Tudo está sendo quebrado neste ano difícil, além do decoro. O mais perigoso é a quebra da confiança na instituição. O problema não é o destino de Cunha, mas o da Câmara e até do Congresso. O perigo é os jovens acharem que é assim mesmo, que os políticos são todos iguais, e que o melhor é nem ter legislativo. Quem já viu o Congresso fechado —e a última vez que isso aconteceu foi no pacote de abril, há mais de 38 anos — sabe a falta que ele faz. Mas os jovens, que nada disso viram e que tudo veem agora, é que decidirão o futuro. Por isso, decoro, excelências.
Todas as explicações dadas para as contas na Suíça foram contorcionismos que fazem pouco da inteligência alheia. Ofendem. Para acreditar, é preciso não ter sabido dos relatórios do Ministério Público, da informação de que as contas foram bloqueadas, dos cartões de crédito que tanto gastaram, do formulário preenchido no banco, com a cópia do passaporte. Naquele formulário que abriu a conta da qual o deputado é um “beneficiário”, está dito que Cunha gostaria de morar na Suíça. É preciso não saber que o Ministério Público da Suíça também está investigando o deputado brasileiro. Para se contrapor a todas essas evidências, a defesa apresentou argumentos tão sólidos quanto carne moída.
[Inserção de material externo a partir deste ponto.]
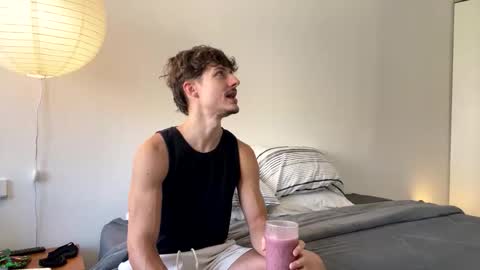 vitoraugustoxxx online show from December 1, 2025, 12:32 pm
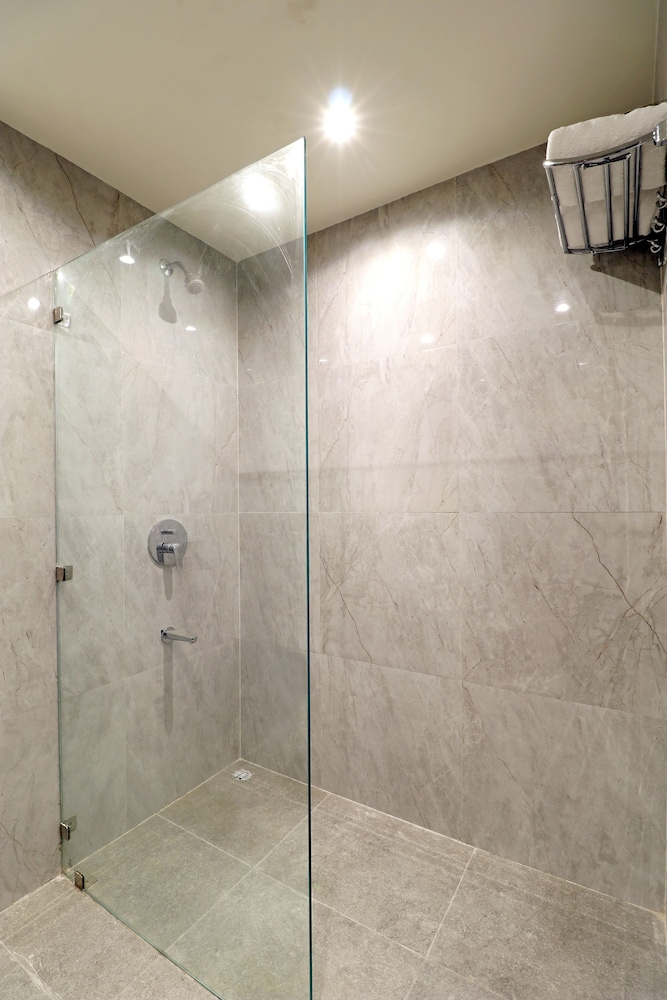 Starlit Suites Newtown Kolkata 23/24
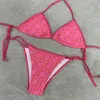 Bikini alla moda in metallo colorato con piccoli diamanti Set di costumi da bagno in tinta unita con lettera di colore nero Costumi da bagno estivi con etichette per regalo da donna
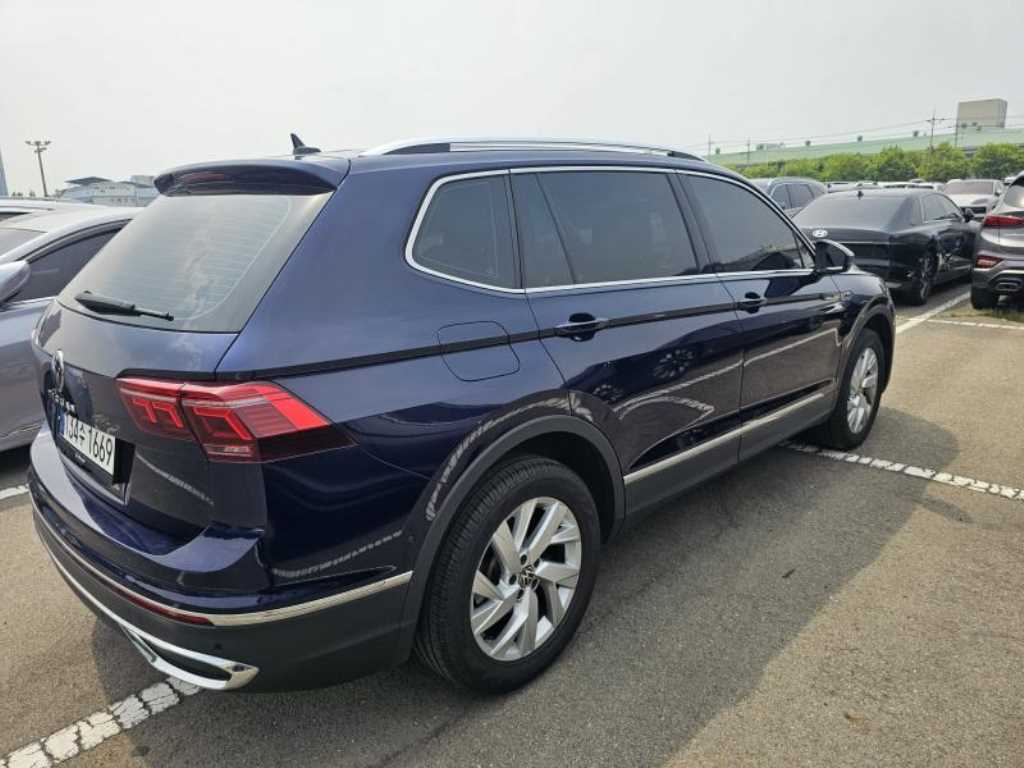 Volkswagen Tiguan - Vista 4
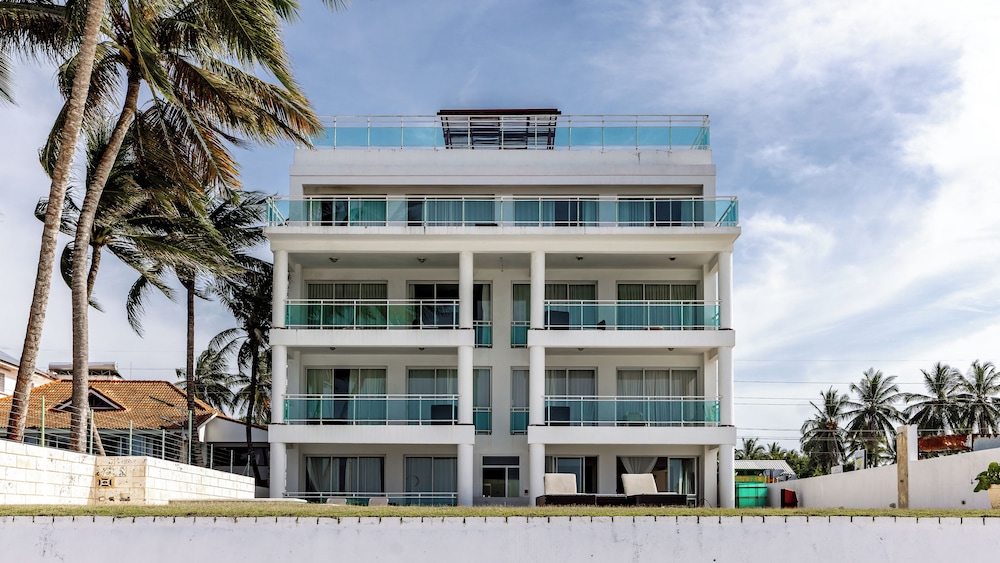 WATERMARK LUXURY OCEANFRONT ALL SUITE HOTEL 2/56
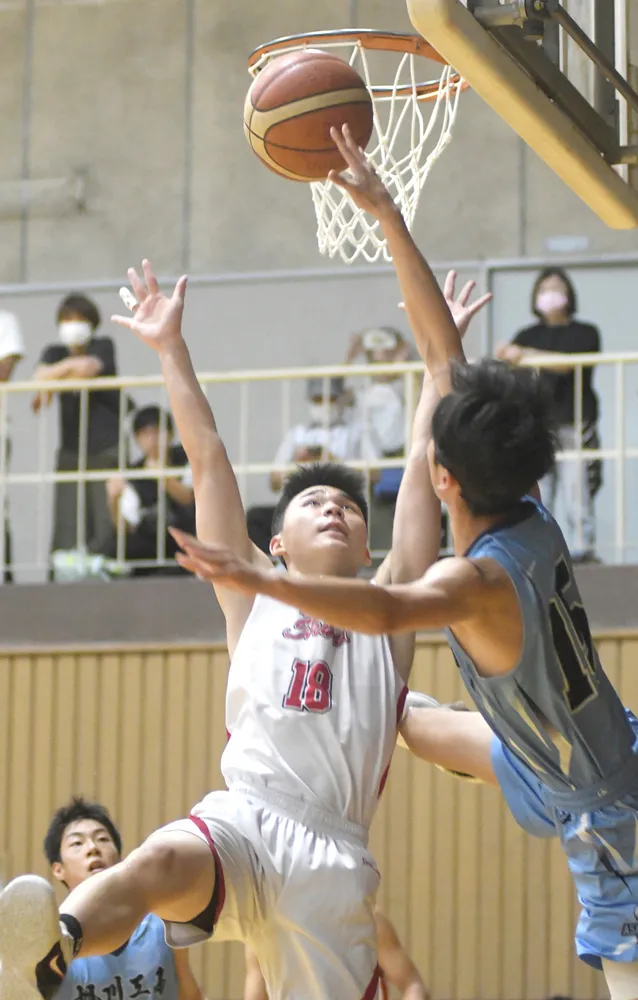 ゴール下、激しい攻防 全国高校バスケ旭川地区予選：北海道新聞デジタル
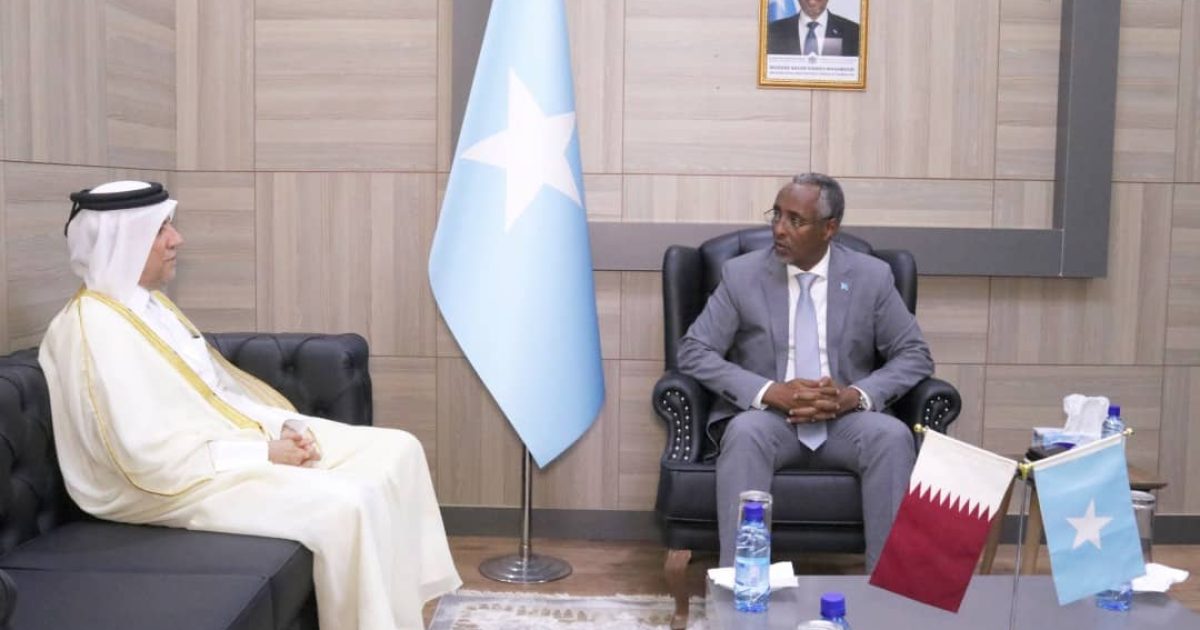 Wasiirka Arrimaha Dibadda Soomaaliya Oo Kulan Sagootin La Qaatay Safiirka Qatar Ee Soomaaliya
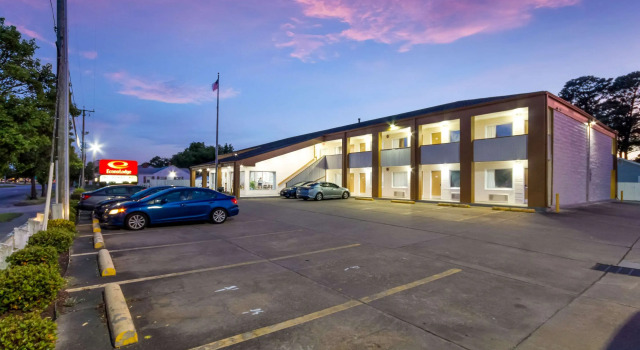 Econo Lodge Little Creek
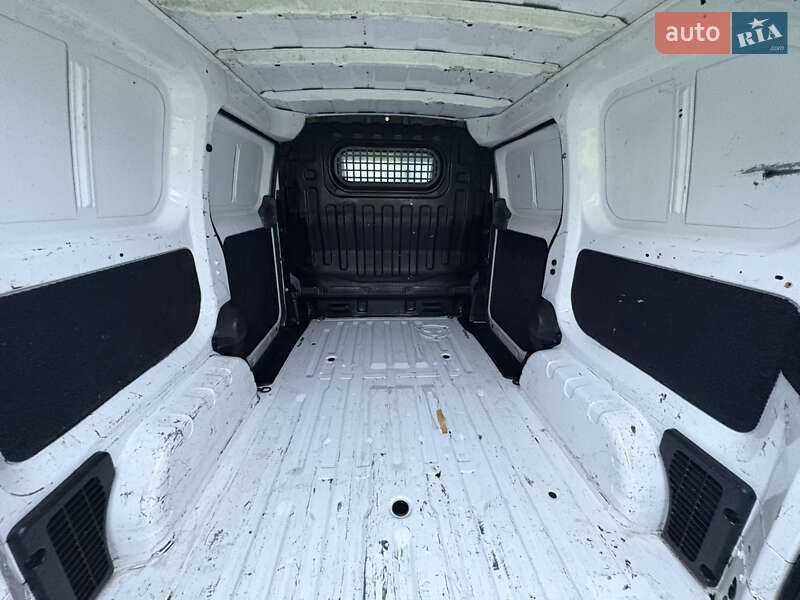 Грузовой фургон Nissan e-NV200 2015 в Луцке фото 18 Грузовой фургон Nissan e-NV200 2015 в Луцке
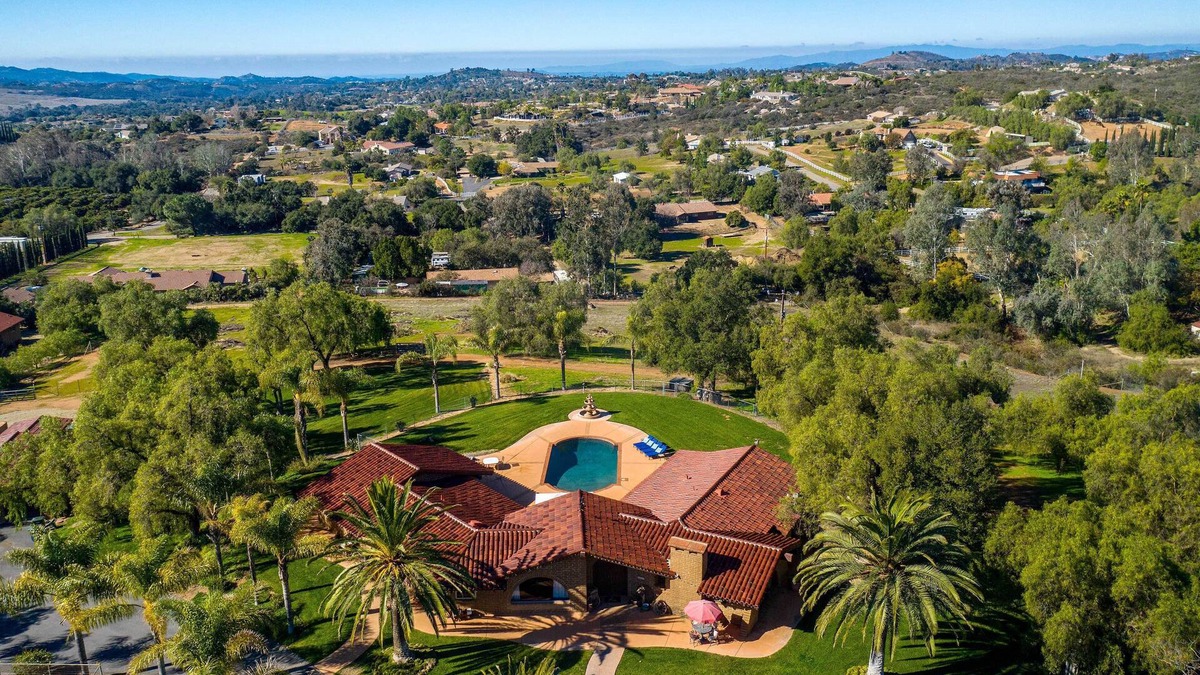 Valley Center House | Equestrian Estate w/Horse Stables & Pool!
A queda do presidente da Câmara dos Deputados é questão de tempo. É constrangedor que um parlamentar denunciado pelo Ministério Público permaneça no cargo. Ele deveria ter saído por respeito ao país. E se isso for pedir muito, que o fizesse para se defender com mais liberdade. Quando Cunha faz o que fez na quintafeira — convocar uma sessão no plenário para impedir os trabalhos do Conselho de Ética — ele está usando mais uma vez o cargo em causa própria e enfraquecendo a Câmara.
Quanto mais o presidente da Câmara usa o cargo para se defender, mais enfraquece a instituição que preside. O descrédito que cerca o Congresso está se ampliando. Mas isto não é todo o mal que esta situação pode nos fazer. Há nomes sugeridos para substituir Cunha que significam tratar com escárnio a opinião pública. É provocação.
A única forma de resgatar a credibilidade do Congresso é a Câmara aproveitar o momento em que houver troca de presidente e instalar na principal cadeira da mesa um nome que tenha autoridade, inspire respeito e que esteja distante de toda a sujeira que coloca tantos deputados sob suspeição.
Os bons parlamentares, os que se levantaram na quinta-feira, precisam se articular em torno de algum nome que possa barrar os que se insinuam como candidatos. Do contrário, Cunha pode se eternizar no cargo mesmo saindo, porque estará exercendo o poder por interposta pessoa.
O ministro do Supremo Tribunal Federal Marco Aurélio Mello disse que é “lastimável” a postura dos governantes, ao se referir à crise na Câmara, e sugeriu que o deputado renunciasse à presidência ou ao próprio mandato. Seria de fato o melhor cenário. Parte da solução está, contudo, no próprio Supremo Tribunal Federal, que não apenas não dá seguimento às denúncias apresentadas pelo Ministério Público como é rápido para decidir sobre as propostas de fatiar e enfraquecer o processo em Curitiba. O Supremo, ao andar tão devagar, cria um descompasso entre o julgamento dos sem foro, em Curitiba, e dos com foro, que serão julgados em Brasília. Acaba dividindo empresários e funcionários da Petrobras dos políticos com mandatos que permanecem confiantes na lentidão da Justiça.
Há uma clara falha institucional no regimento da Câmara que dá ao presidente o poder de pôr em pauta o processo contra si mesmo. Deveria haver regras que defendessem a sociedade e não o mandato de um presidente sob suspeição. Este episódio de Cunha na presidência da Câmara é tão torturante que a esperança é que dele saiam aperfeiçoamentos institucionais, para proteger o país no futuro de outra situação anômala como esta.